May 8, 2021 | Trends

When Paris, France-based Parrot launched the AR.Drone quadcopter at the 2010 Consumer Electronics Show, the company created quite a stir. A tiny drone outfitted with a 720p HD camera could be flown with an iPhone and live-stream videos or pictures to a smartphone app. The AR.Drone went on sale at Brookstone for $300 on Sept. 3, 2010. It was quite a remarkable achievement in 2010.

While the word “drone” conjures up visions of U.S. military Reapers and Predators, the consumer-friendly kind produced by Parrot and its eventual competition would find a ready market among professional photographers and hobbyists. The world of aerial videography would never again be the same.

  • Market dimensions – The global commercial drone market size was valued at $13 billion in 2020, based on a unit volume of 689,400. The commercial sector consists of applications in construction, agriculture, energy, entertainment, law enforcement, and, of course, photography. The 2020 consumer drone market, in comparison, was estimated at $3.3 billion.
  • Aerial photography – A spine-tingling video posted on Vimeo by @Jenk1907 flying over Istanbul’s Taksim square just before it was shot down shows just what an AR.Drone was capable of in the hands of ordinary citizens.

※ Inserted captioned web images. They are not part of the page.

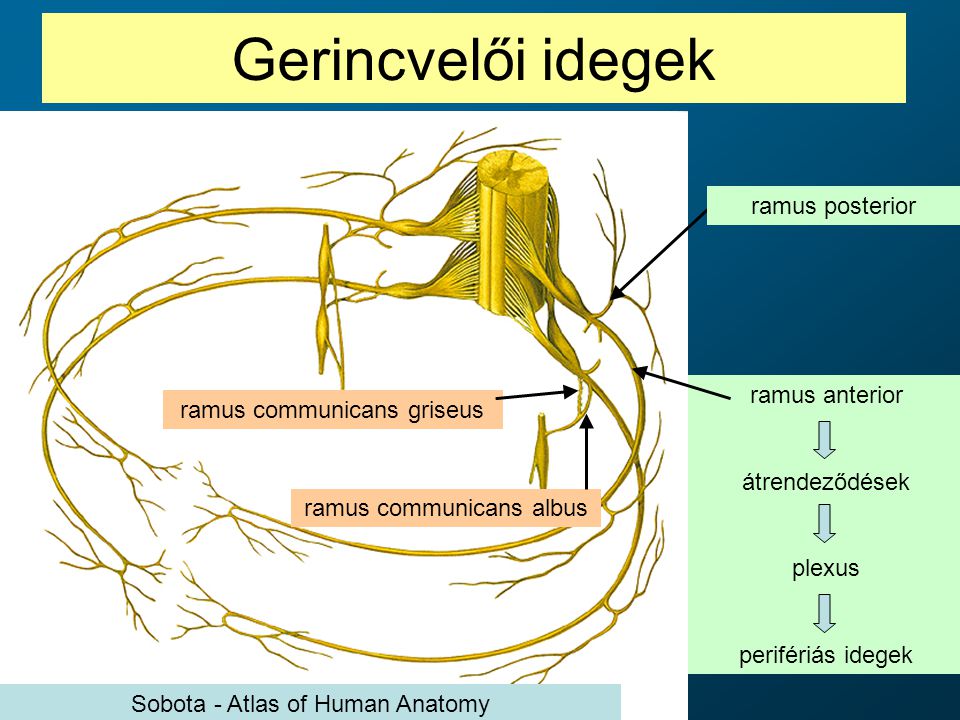 Gerincvelői idegek ramus posterior ramus anterior
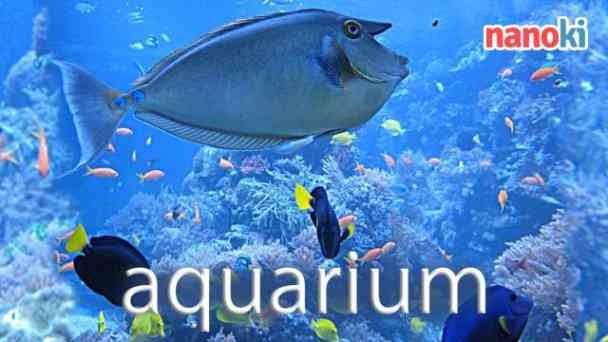 Aquarium kostenlos streamen | dailyme
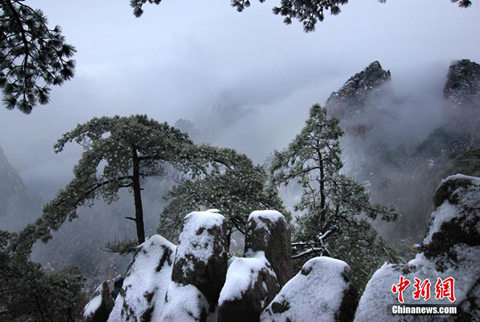 黄山风景区银装素裹（图片来源于中新网）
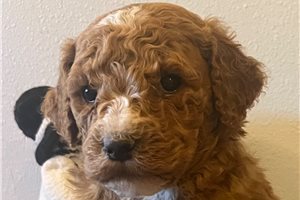 Brendon - Poodle, Standard for sale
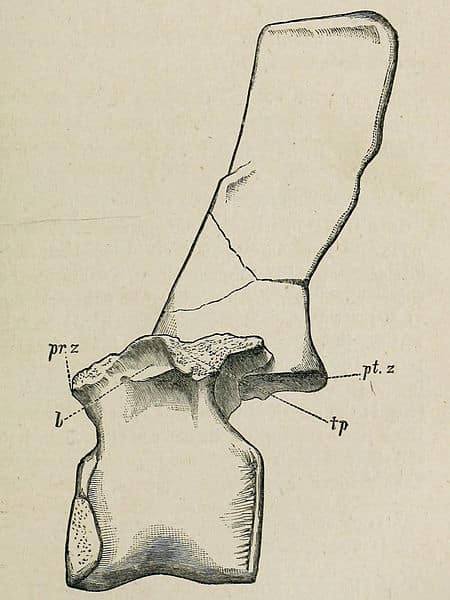 Middle dorsal vertebra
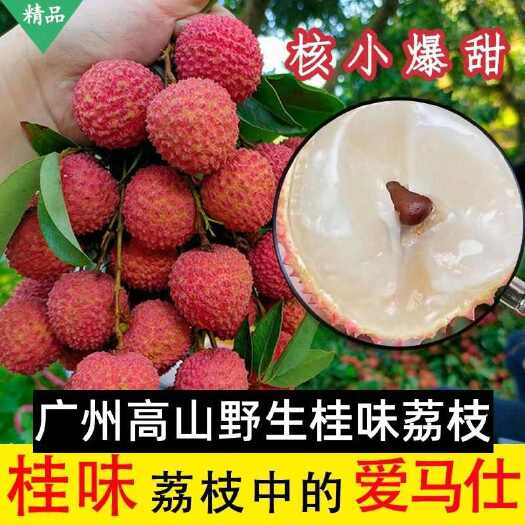【大减价】自家果园核小肉厚广东从化桂味荔枝应季水果现摘现发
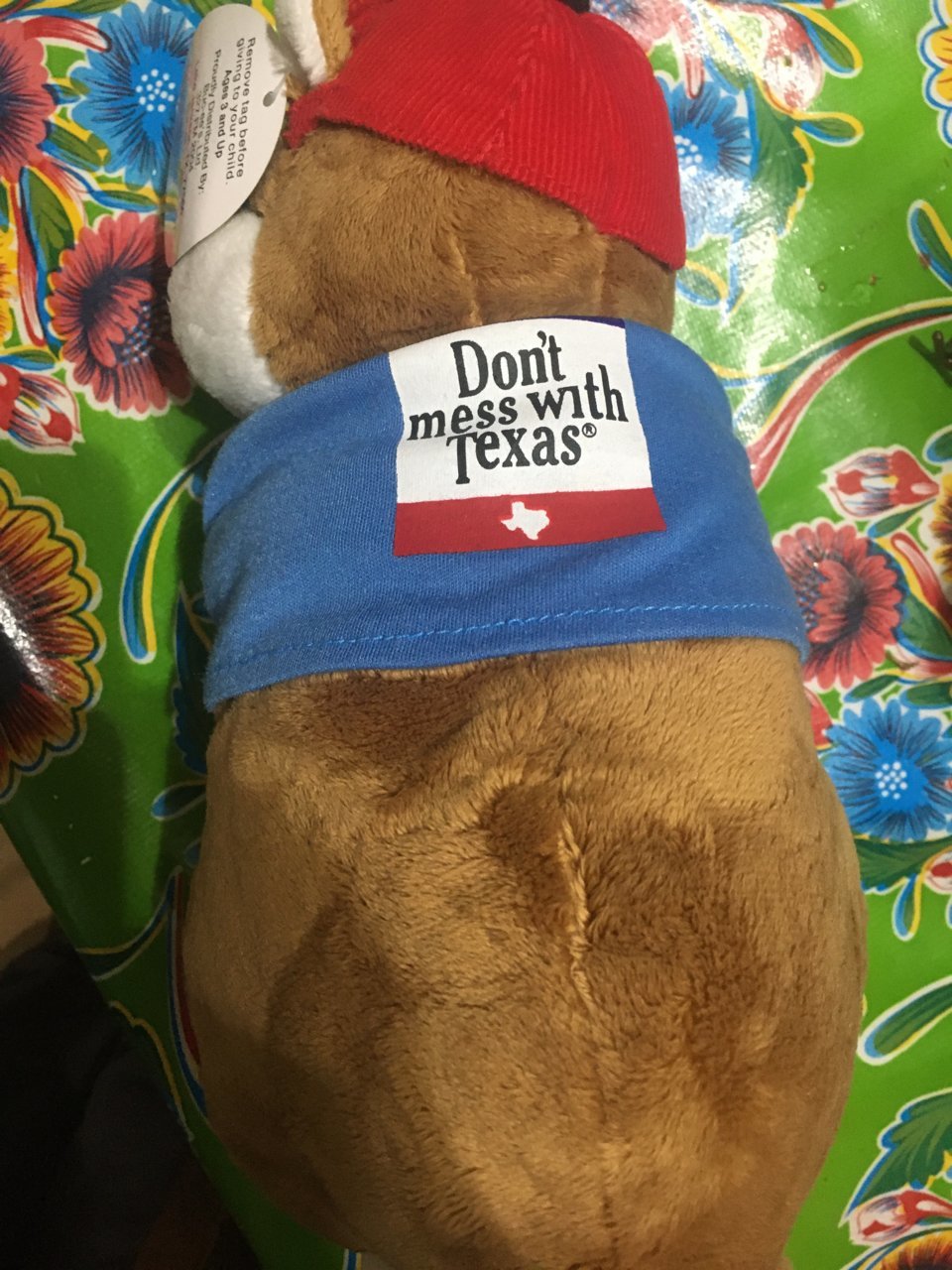 image.jpg
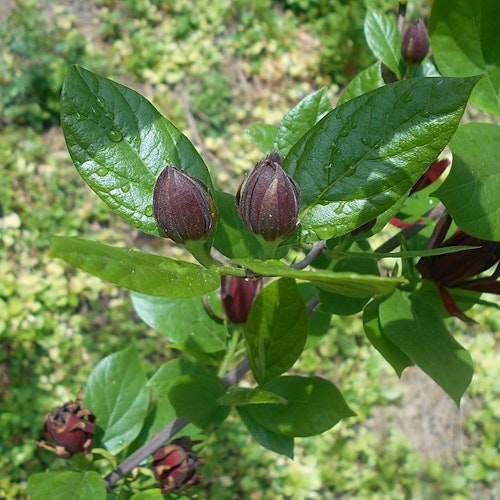 Calycanthus floridus - Hårig kryddbuske
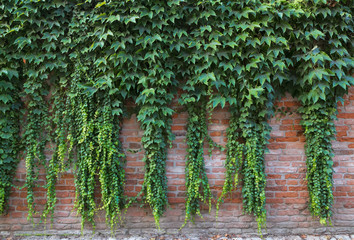 green climbing plants on a brick wall.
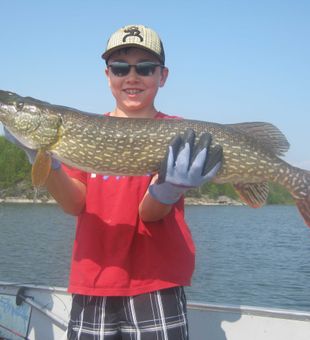 Youthful Northern Pike catch on Mirond Lake!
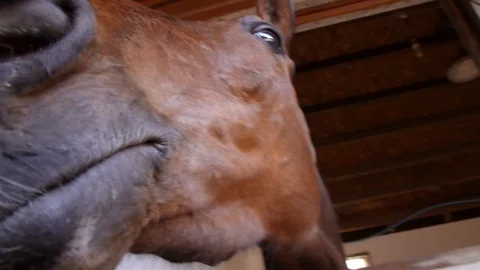 A racehorse showing off for the camera Stock Footage 88488708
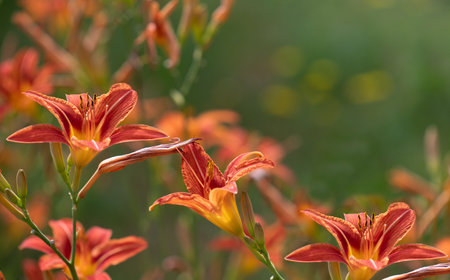 Many orange daylilies bloom in the garden in summer. The background is green. The light shines on the flowers. There is space for textの写真素材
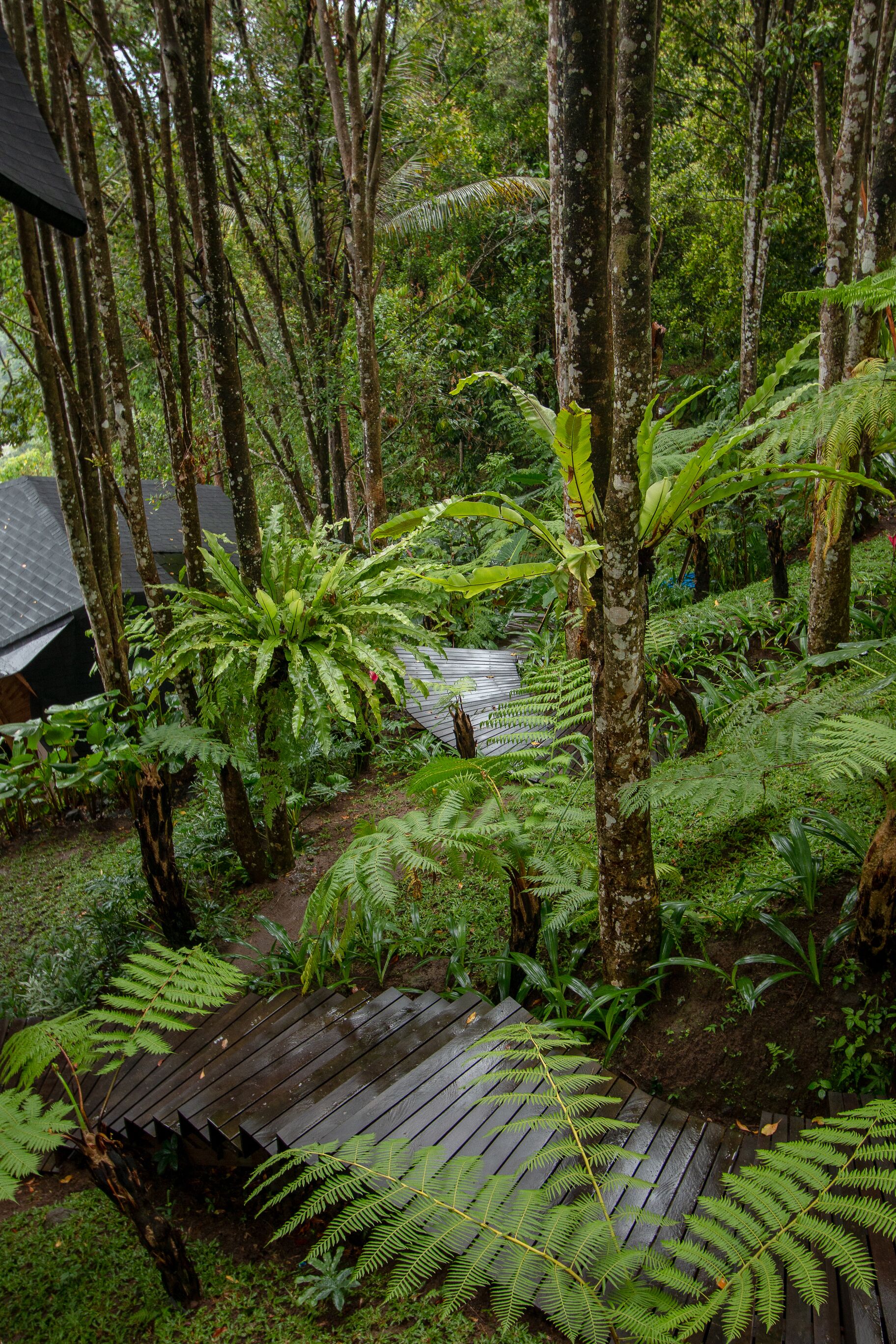 Áreas de la propiedad
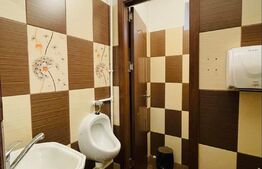 Spatiu comercial ultracentral, 100 mp utili pe plan parter si 100 mp terasa, in Centrul Vechi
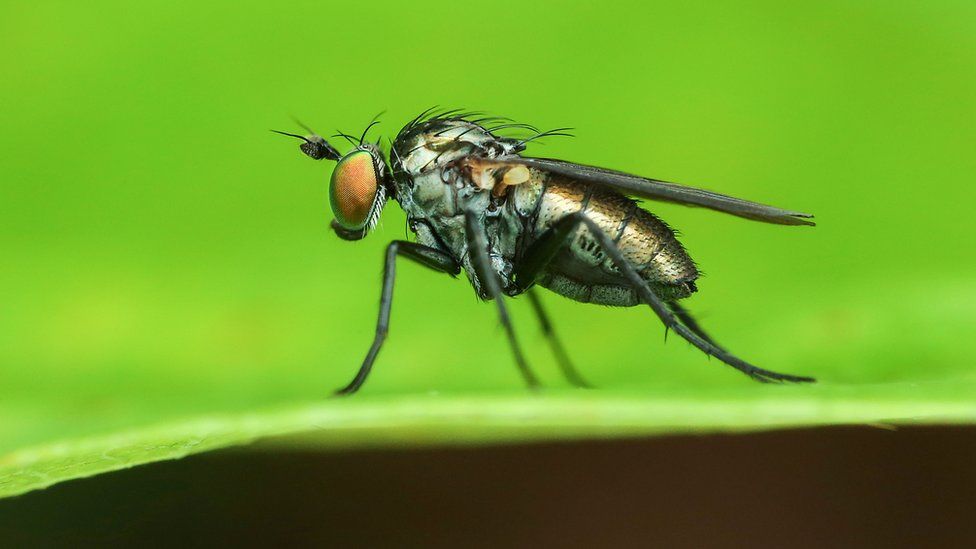 What do fruit flies have in common with humans? BBC Newsround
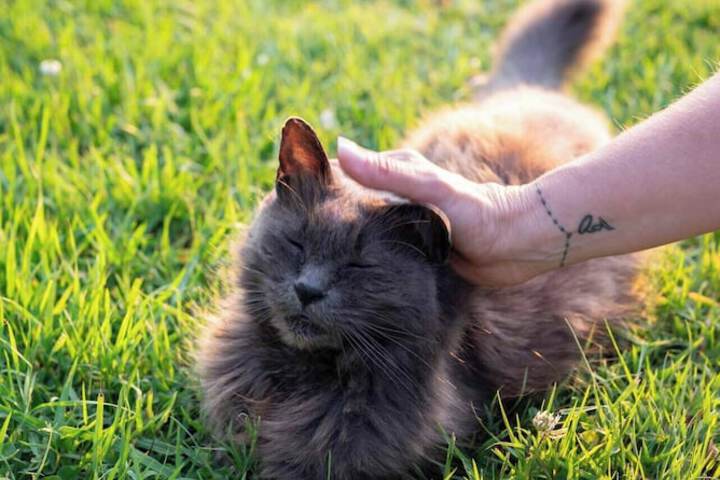 Pet Friendly 61 of 115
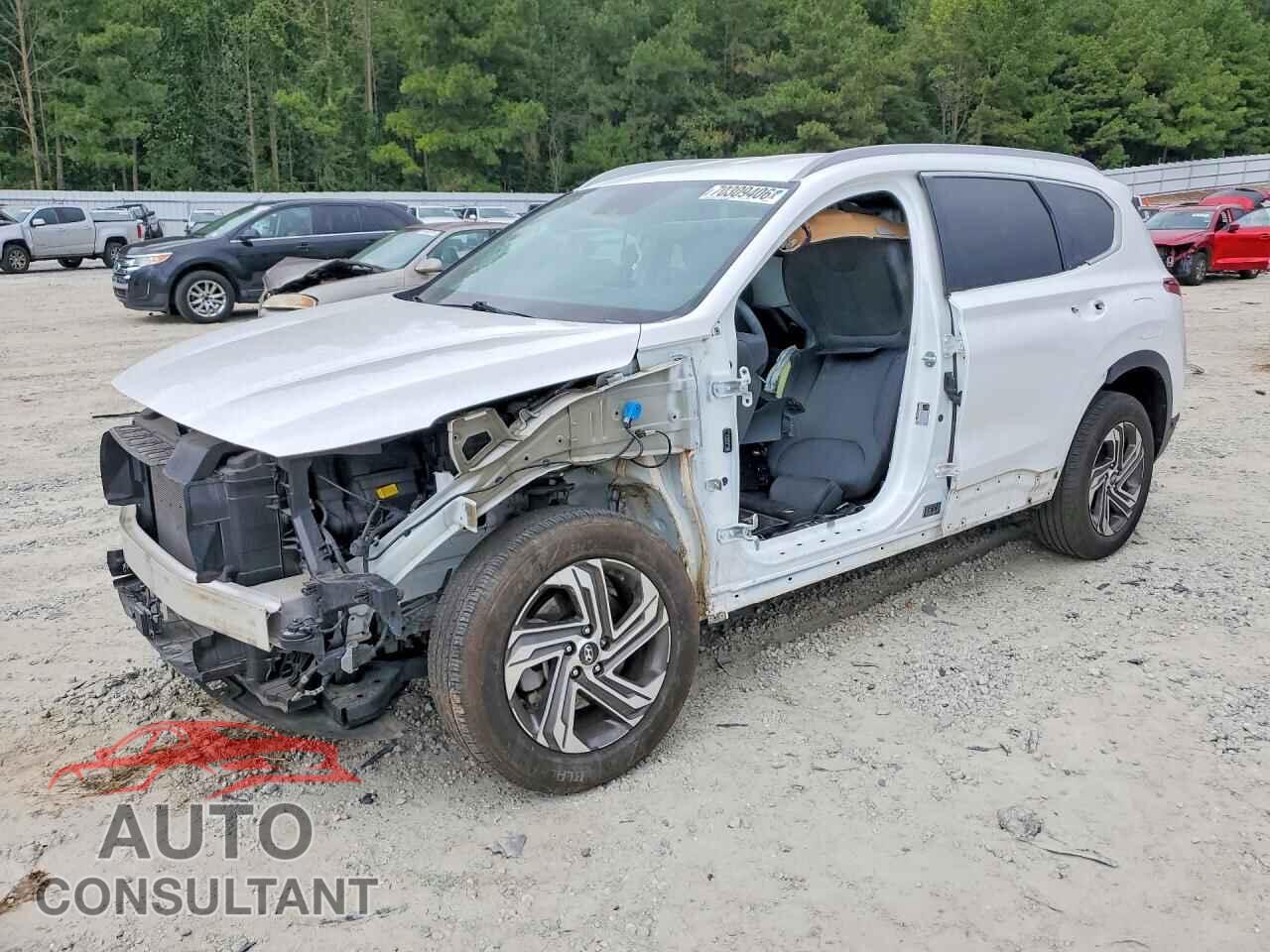 HYUNDAI SANTA FE 2023 - 5NMS2DAJ9PH488795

Unable to compete with Chinese drone makers, Parrot abandoned the consumer drone market in 2019.
  • Delivery drones – When Amazon.com CEO Jeff Bezos famously showed off a delivery drone prototype on U.S. television in 2013, many considered it a publicity stunt. In August 2020, however, Amazon’s Prime Air service received approval from the Federal Aviation Administration (FAA) to use drones or UAVs (Unmanned Aerial Vehicles) to deliver packages. With commercial UAVs able to travel up to 100 mph to deliver goods under 5 lbs (2.3 kg), drone deliveries decrease delivery time and costs. In October 2019, the FAA granted UPS approval for its UPS Flight Forward service. Both companies were upstaged by Google in April 2019, when Alphabet’s Wing became the first company to gain FAA approval to make drone deliveries.

    63% of Americans think it would be a change for the worse if ‘personal and commercial drones are given permission to fly through most U.S. airspace.’”
    — Pew Research Center
    April 17, 2014

  • Search and rescue – Drones equipped with a FLIR thermal camera also make excellent search-and-rescue vehicles. The successful case of a drone finding an 82-year-old man who had gone missing for three days is evident from this headline: “ Officials Search for 3 Days; Drone Finds Missing Man After 20 Minutes.”

In 2014, 63% of Americans thought it would be a “change for the worse” if commercial drones were given permission to fly through most U.S. airspace.

It’s impossible, however, for consumers to assess quantum leaps in future technology because they have little understanding of its inherent potential. Give drones a few decades, and you’ll see them everywhere.